Je croyais un peu rêver en dînant avec la marquise et le baron, dans une salle chaude et bien éclairée, au sortir de ce triste gîte de Turris, où j’avais fait de si durs retours sur moi-même ; mais je m’étais préparé au péril, et je ne pouvais plus oublier qu’il fallait fuir. Ni la marquise ni le baron n’étaient préparés à ma résolution, et j’étais en tiers dans tous leurs projets de doux voisinage et de promenades. Je ne crus pas devoir les détromper encore. Je comptais inventer une lettre de mes parens et partir sans annoncer que je ne reviendrais pas.

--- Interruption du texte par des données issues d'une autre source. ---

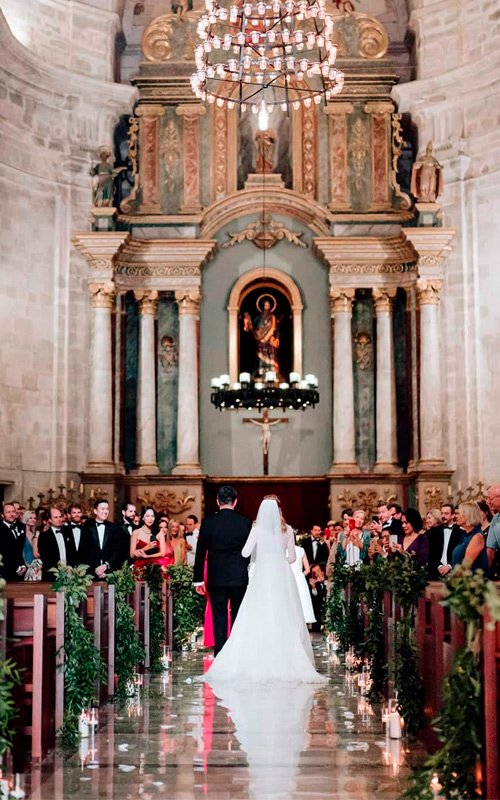 Catholic Wedding Vows: Meaning, Tradition & Examples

La marquise remarqua aussi que j’avais l’air souffrant : elle m’interrogea plusieurs fois avec intérêt, et il me sembla qu’elle aussi était changée. Sa figure et ses manières n’étaient plus aussi confiantes, ou bien quelque chose avait altéré son calme élyséen. Il n’y paraissait pas avec le baron, pour qui elle était d’une touchante coquetterie de cœur ; mais avec moi elle n’était plus la même. Plus affectueuse peut-être, elle me semblait avoir moins d’abandon. Il y avait comme un secret entre elle et moi. Il me vint des frissons en dînant, et après le dîner je sentis un grand mal de tête ; cependant je n’en parlai pas. Je voulus attendre le moment où elle se retirerait, afin de la reconduire, de tenir le parapluie, s’il pleuvait encore, ou de porter Paul, si les bras manquaient. J’étais complètement détaché de toute espérance et me croyais débarrassé de tout vain désir ; mais je sentais bien que je l’aimais toujours autant, cette femme parfaite, et que lui épargner une souffrance, une inquiétude, une fatigue quelconque, serait toujours un besoin et une satisfaction pour mon âme.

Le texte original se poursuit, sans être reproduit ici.